In any triangle ABC, prove that $$ a^2 + b^2 +c^2 =4 \Delta (\cot {A}+\cot {B}+\cot {C}) $$

Homework Equations

The Attempt at a Solution

 

[Buffu]

Homework Statement

In any triangle ABC, prove that $$ a^2 + b^2 +c^2 =4 \Delta (\cot {A}+\cot {B}+\cot {C}) $$

Homework Equations

The Attempt at a Solution

View attachment 203380

What is $\Delta$ ?

 

[Wrichik Basu]

What is $\Delta$ ?

The area of Triangle, the standard notation used in Trigonometry.

 

[Buffu]

The area of Triangle, the standard notation used in Trigonometry.

$\displaystyle {c \over \sin c} = 2R$

Check your work again, you replace $\sin c$ with $a/(2R)$, you should do $c/(2R)$

 

[Wrichik Basu]

$\displaystyle {c \over \sin^2 c} = 2R$

Check your work again, you replace $\sin c$ with $a/(2R)$, you should do $c/(2R)$

You are wrong: $$\frac {c} {\sin (c)} = 2R$$ not $$\frac {c}{\sin ^2 (c)} = 2R$$

 

[Buffu]

You are wrong: $$\frac {c} {\sin (c)} = 2R$$ not $$\frac {c}{\sin ^2 (c)} = 2R$$

Yes, that was a typo.

 

[Mark44]

What is Δ ?

The area of Triangle, the standard notation used in Trigonometry.

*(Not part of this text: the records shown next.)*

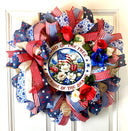 Patriotic Wreath, Summer Wreath, American Flag, Stars & Stripes, Everyday, Memorial Day, Double Doors, Flag, 4th of July, Summer Wreath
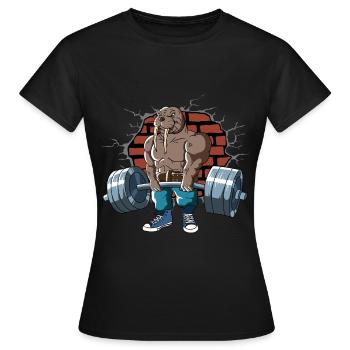 Fitness Training Pompes Walrus Deadlift Fitness - T-shirt Femme - noir - Devant - AI Model Female 172 dark (172cm)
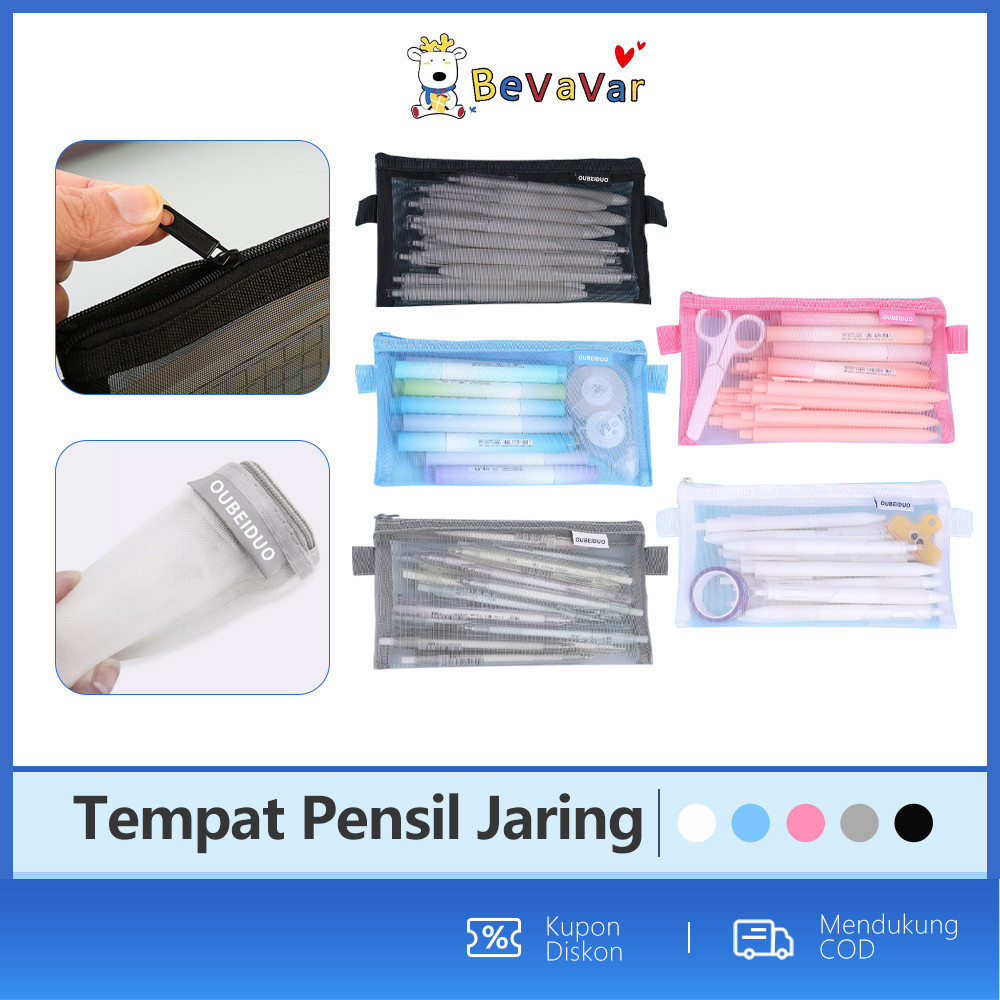 

BEVAVAR Tempat Pensil Jaring / Dompet Jaring / Kotak Pensil Mesh Transparan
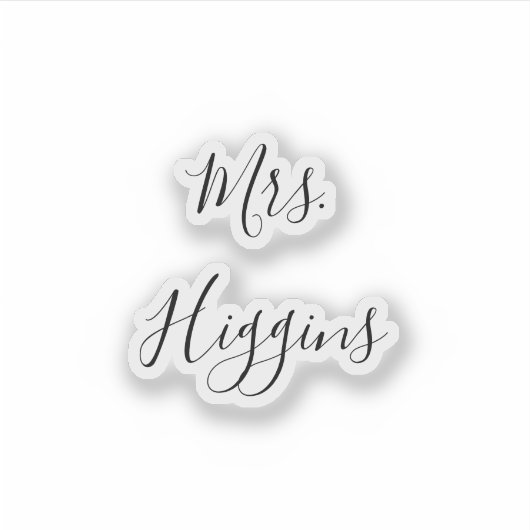 Skript für das Hochzeitsstichtag Aufkleber (Vorderseite)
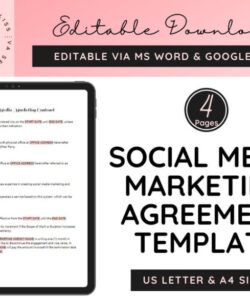 Free Blank Social Media Marketing Agreement Template Doc Sample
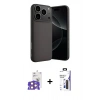 MARSİLYAN™- iPhone 17 Pro Max Kılıf Ahenk Serisi - Siyah Bilvis 3X AR Hayalet Cam Ekran Koruyucu + Bilvis Titan Kamera Lens - TU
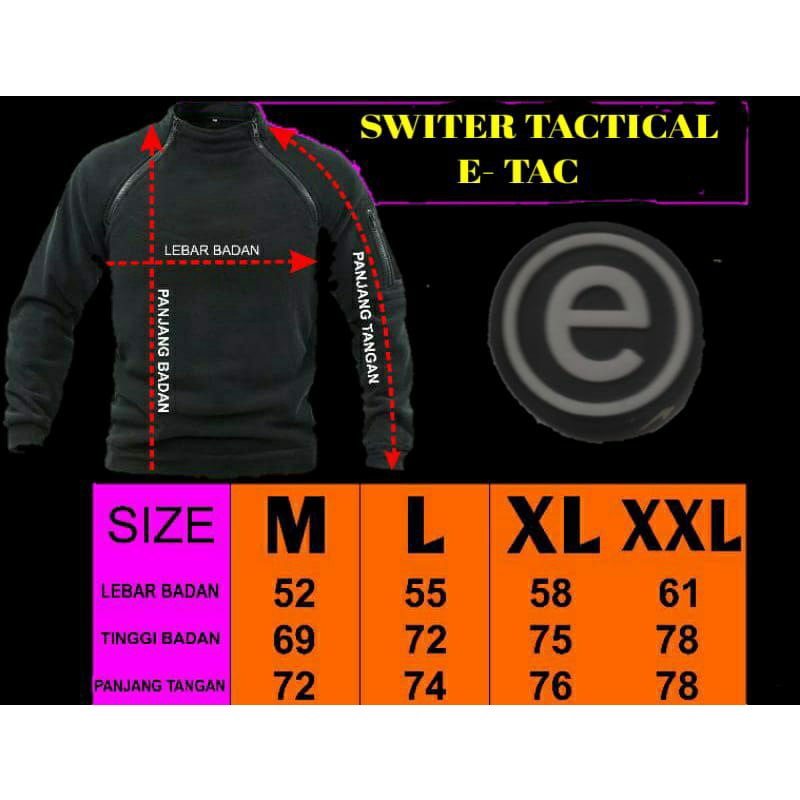 sweater tactical/sweater army plus emblem patch rubber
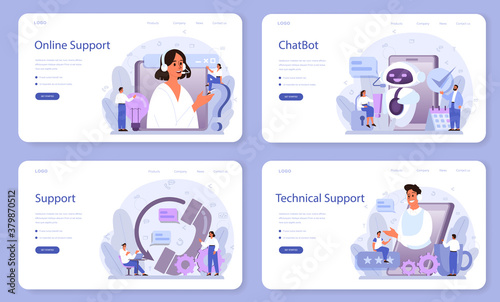 Technical support web banner or landing page set. Idea of customer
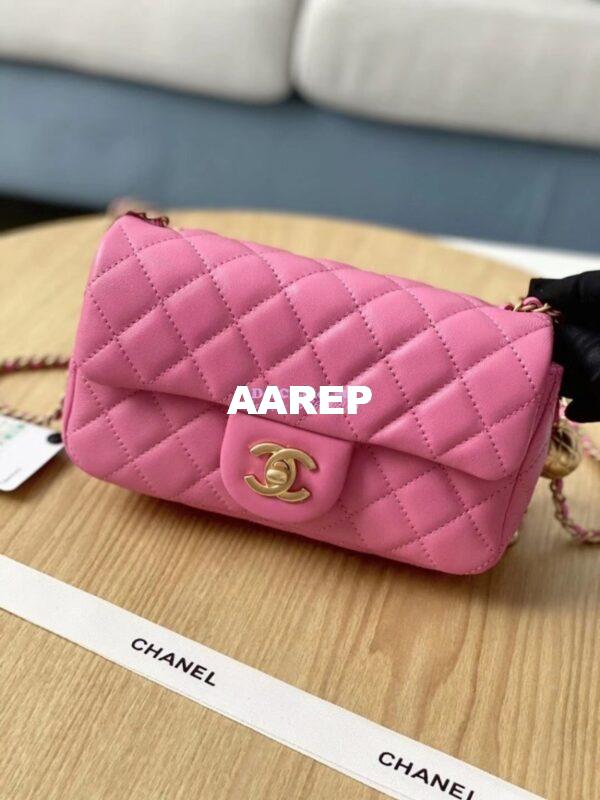 Replica Chanel Lambskin Charm Strap Flap Bag AS1787 Pink 4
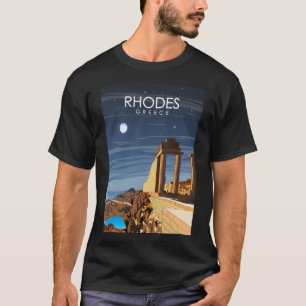 Rhodes Greece Island Travel Poster at Night T-Shirt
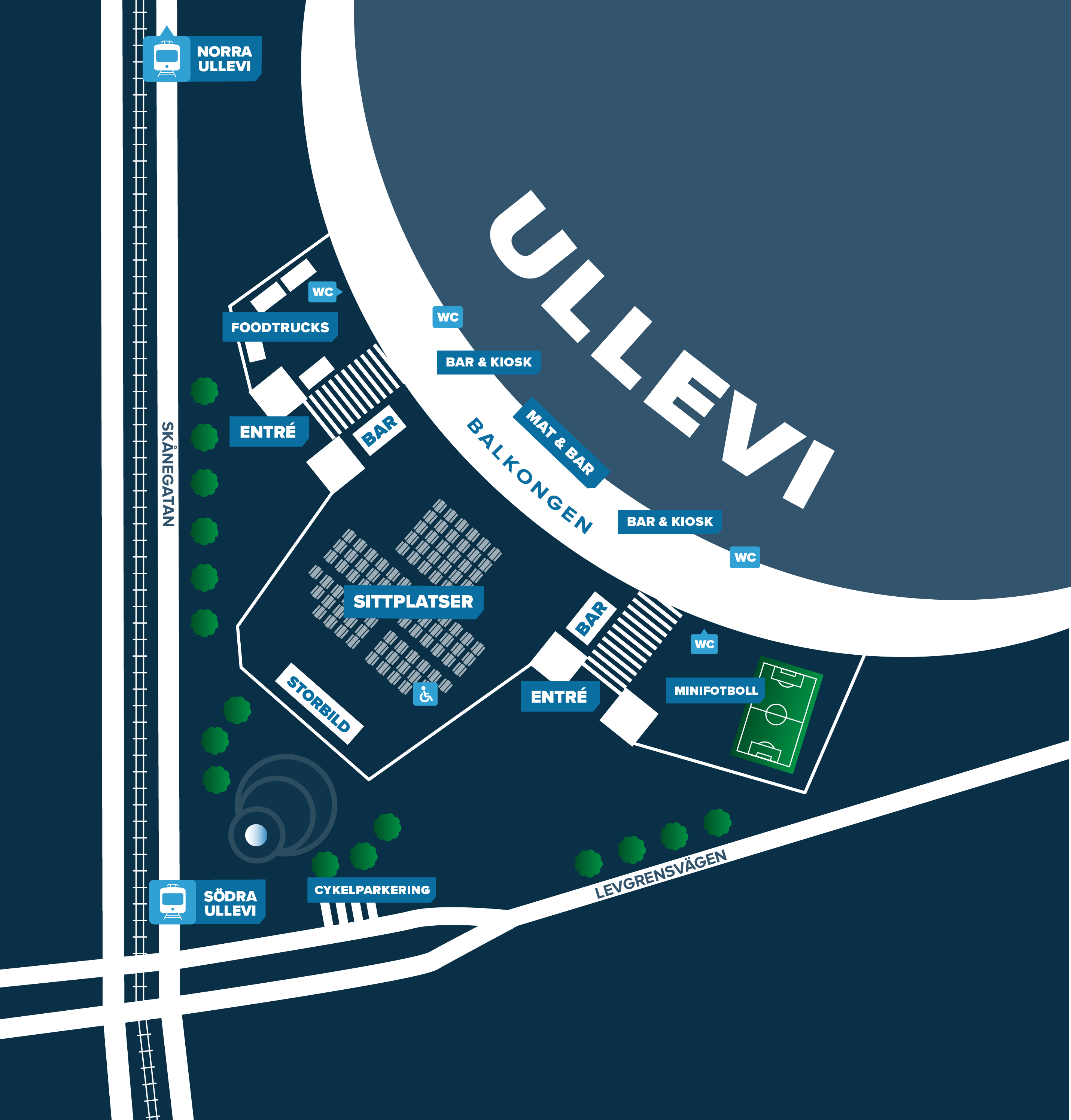Områdeskarta över Ullevi Plaza under EM-visningarna
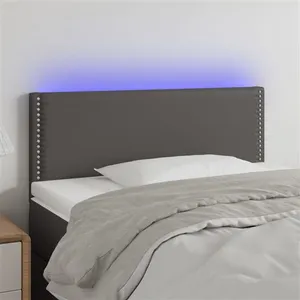vidaXL Tête de lit à LED Gris 80x5x78/88 cm Similicuir pas cher
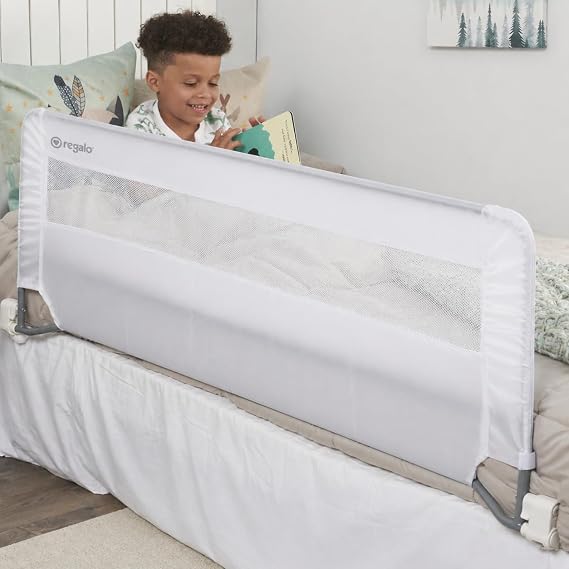 Regalo Safety 54 Extra Long Bed Rail Guard for Toddlers, Swing Down Toddler Bed Rail with Reinforced Anchor Safety System, 20 Tall Bed Safety Rail, Fits Twin, Full & Queen Beds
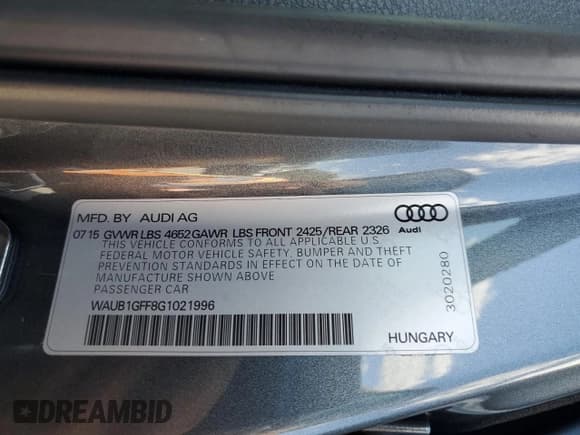 ✅ 2016 Audi S3 Premium Plus • VIN: WAUB1GFF8G1021996 • Lot: 80299855. Listed on Copart with 63,493 mi. Free auction sales archive from the USA and detailed vehicle history report at DreamBid. Image 13.
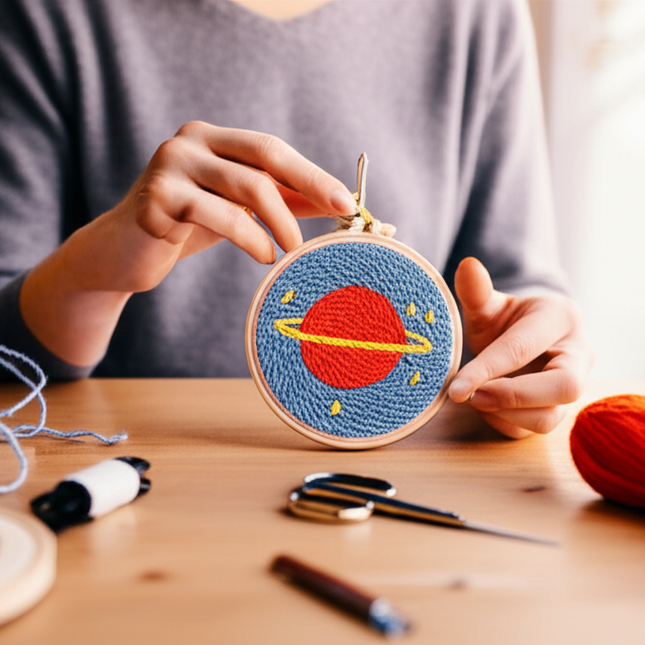 Simple Pattern Punch Needle Embroidery Kit for Beginners Kids DIY Needlework Wool Work Decorative Paintings Home Decor - gallery 1
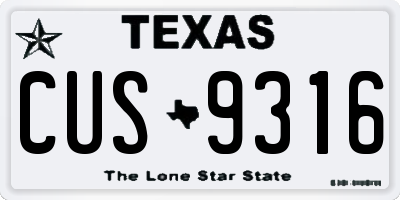 TX license plate CUS9316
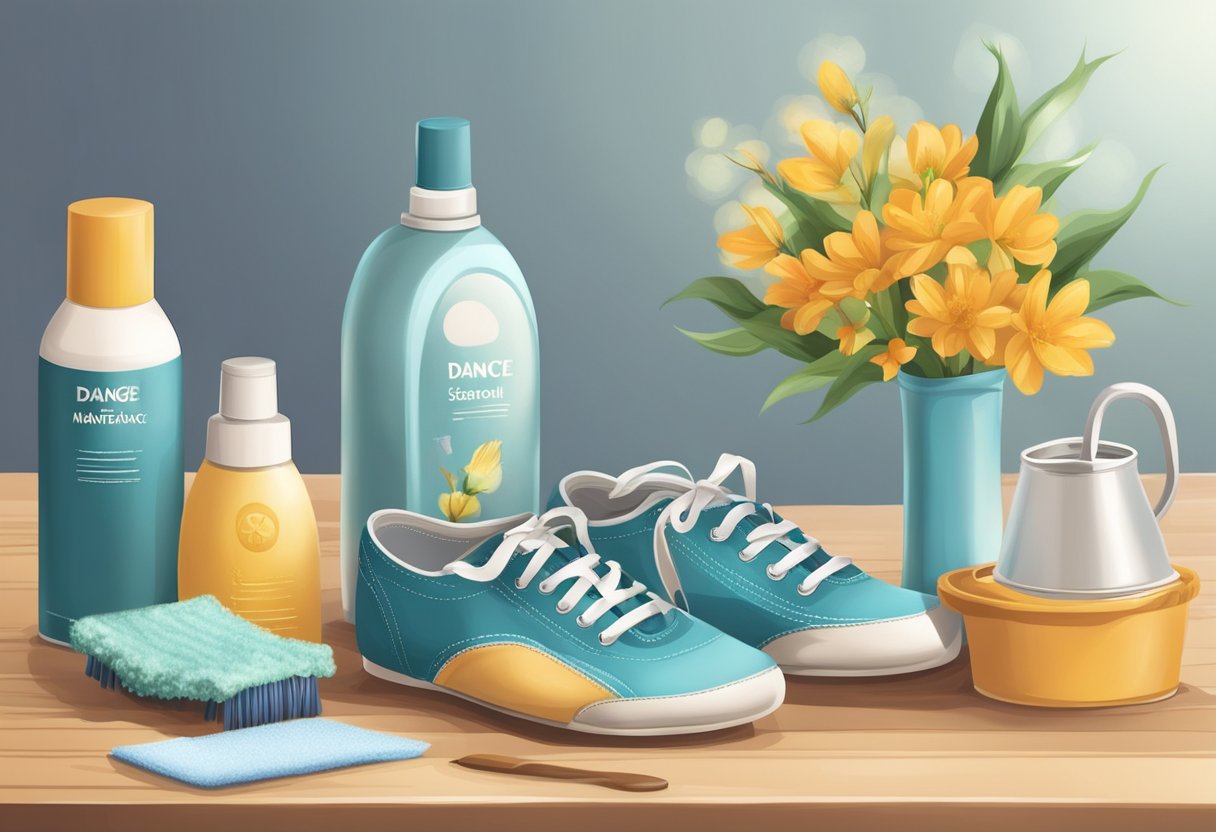 A table with various dance shoes, a brush, cloth, and cleaning products. A poster with care instructions and a booklet on seasonal maintenance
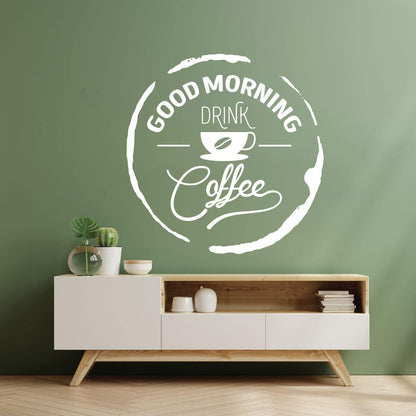 Wall Stickers Words Quotes Good Morning Drink Coffee Easy Installation
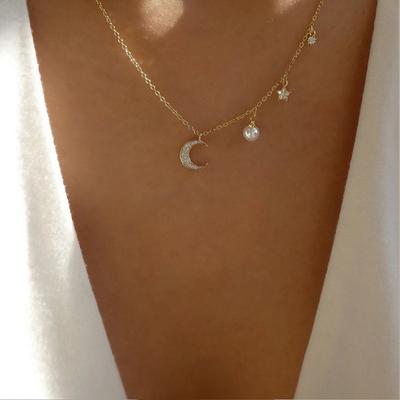 Diamond Pendant Necklace European and American Alloy Simple Versatile Jewelry Women's Five-pointed Star Moon Collarbone Chain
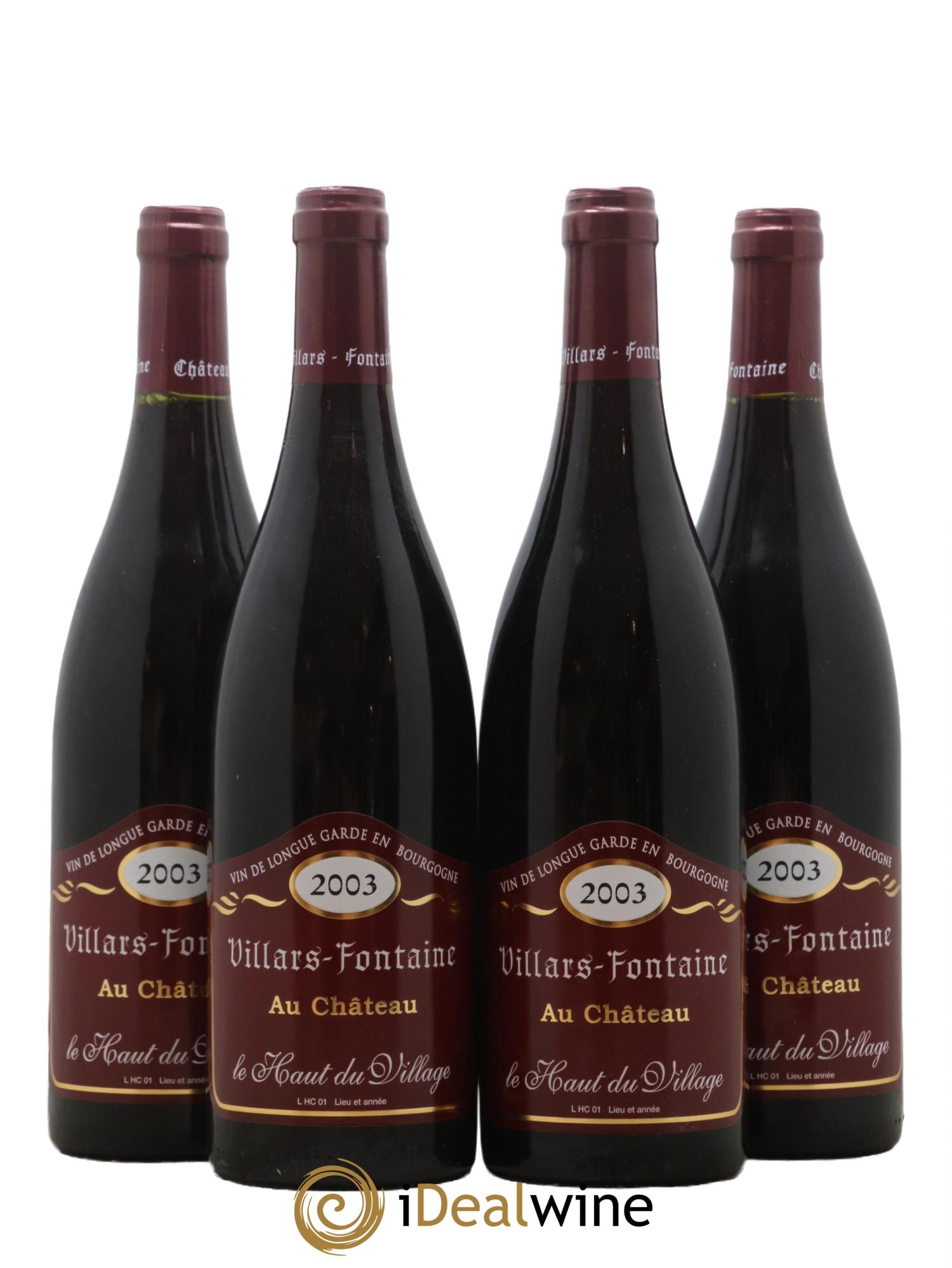 Hautes-Côtes de Nuits Le Haut du Village Domaine de Villars Fontaine 2003 - Lot de 4 bouteilles - 0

No, this is not standard notation for the area of a triangle. Δ is sometimes used for the discriminant of a quadratic equation, but I have never seen it used for area of any kind.

 

[Wrichik Basu]

No, this is not standard notation for the area of a triangle. Δ is sometimes used for the discriminant of a quadratic equation, but I have never seen it used for area of any kind.

Although notations shouldn't very, h ere in India we use Delta to distinguish the area of the triangle only on Trigonometry.

Discriminant is shown by D.